Over one million apps have made their way onto the App Store during its five years of existence. A million. That’s a pretty miraculous number when you think about it. However it’s not the amount of apps we have to pick from that I find so fascinating, but rather just how much things have changed since 2008. Pickings were comparatively slim at first, and many developers were just starting to dip a toe in the waters of Apple’s new smartphone.

On top of that, the technology itself has changed tremendously in a relatively small amount of time. It makes me wonder if anyone from 2008 would even recognize current iOS devices, and by extension the App Store. Would a newer Apple initiate have any idea what they were looking at if they somehow managed to take a trip to five years ago? I think it warrants a look at how the hardware, the App Store, and the apps contained within it have evolved.
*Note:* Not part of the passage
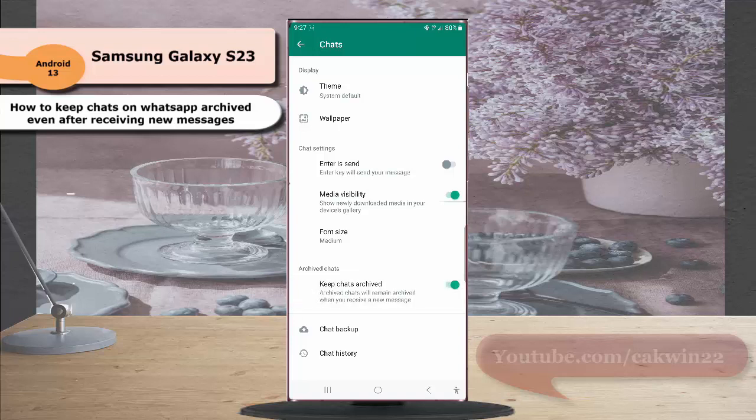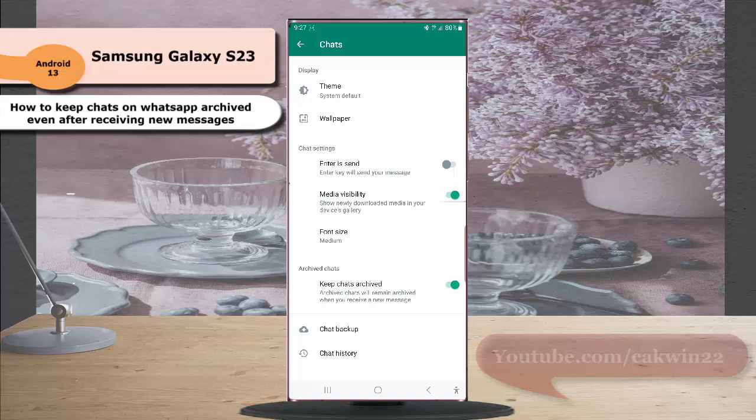When the switch turns green, it means this option is on. When this option is on, archived chats will remain archived even when you receive a new message.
2008 – The Beginning of the Beginning

appstoreevo01The App Store’s first year was a rough but promising one. The iPhone 3G rolled out to coincide with Apple’s new software venue and the original iPhone was still viable. The iPod touch was also present and accounted for, while the second generation appeared closer to the end of the year. Even at this point many developers were eager to push these early iOS devices to their limits, to make them more than just a phone or an .mp3 player with a fancy screen.
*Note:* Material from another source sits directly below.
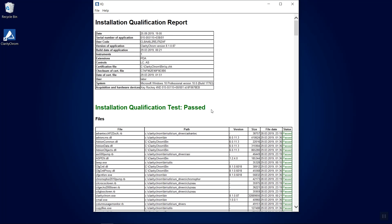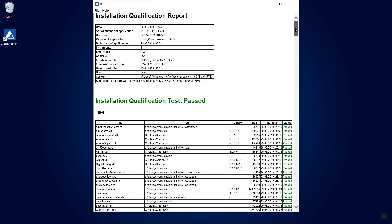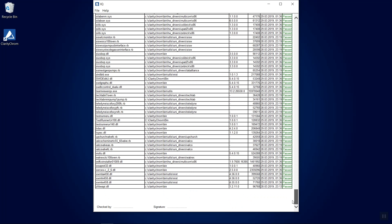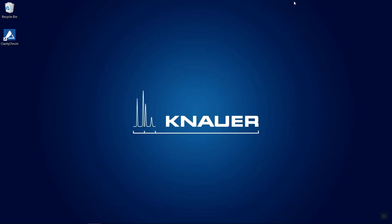The report can be printed and the printout can be signed. Good to know.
Handy apps like Pandora Radio, Last.FM, Facebook, and Yelp were to be expected, but that didn’t make them any less impressive to have on a handheld platform. Others such as the intuitive personal organizer Evernote, the eerily accurate song-identifying app Shazam, eWallet’s convenient and secure account password management, and MLB At Bat with its extensive baseball coverage further capitalized on the particulars of the hardware and its general portability. Of course there were also some pretty unnecessary options out there, too. Flashlight kind of served a purpose but was also fairly pointless. It wasn’t as bad as stuff like More Cowbell!, though.
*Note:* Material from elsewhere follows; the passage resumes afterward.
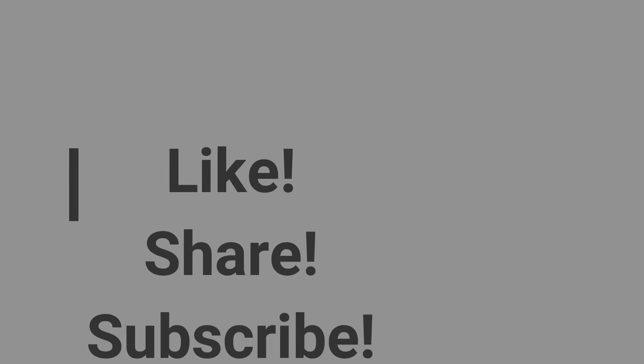Let me know your thoughts about this video in the comments down below. Please like, share, and subscribe.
At the same time, the games available on the App Store were beginning to show people that “mobile” didn’t have to equal “mediocre.” Sure there were a few simple ports of the odd classic such as Ms. PAC-MAN, Vay, and Scrabble, but there were also some impressive iOS renditions of popular console games like Super Monkey Ball coming out. Potential mobile gamers also had a few really special titles such as Galcon and Fieldrunners to tide them over. When all was said and done there were over 7,500 apps on the App Store by the end of the year, with more being added every day.

2009 – Moving Right Along

appstoreevo02aappstoreevo02bThe following year saw even more impressive releases as Apple’s digital marketplace began to expand. The second generation of iPod Touch was the bright and shiny new toy at the time, but it was followed shortly by the iPhone 3GS in June while the latest and greatest third generation Touch closed out the year in September. It all meant better processors, better CPUs, more advanced operating systems, and so on. All stuff that developers needed to acclimate to, but also stuff that meant they could push their boundaries even further. There was no loss of steam when it came to content, either: the App Store finished off 2009 with well over 100,000 apps available.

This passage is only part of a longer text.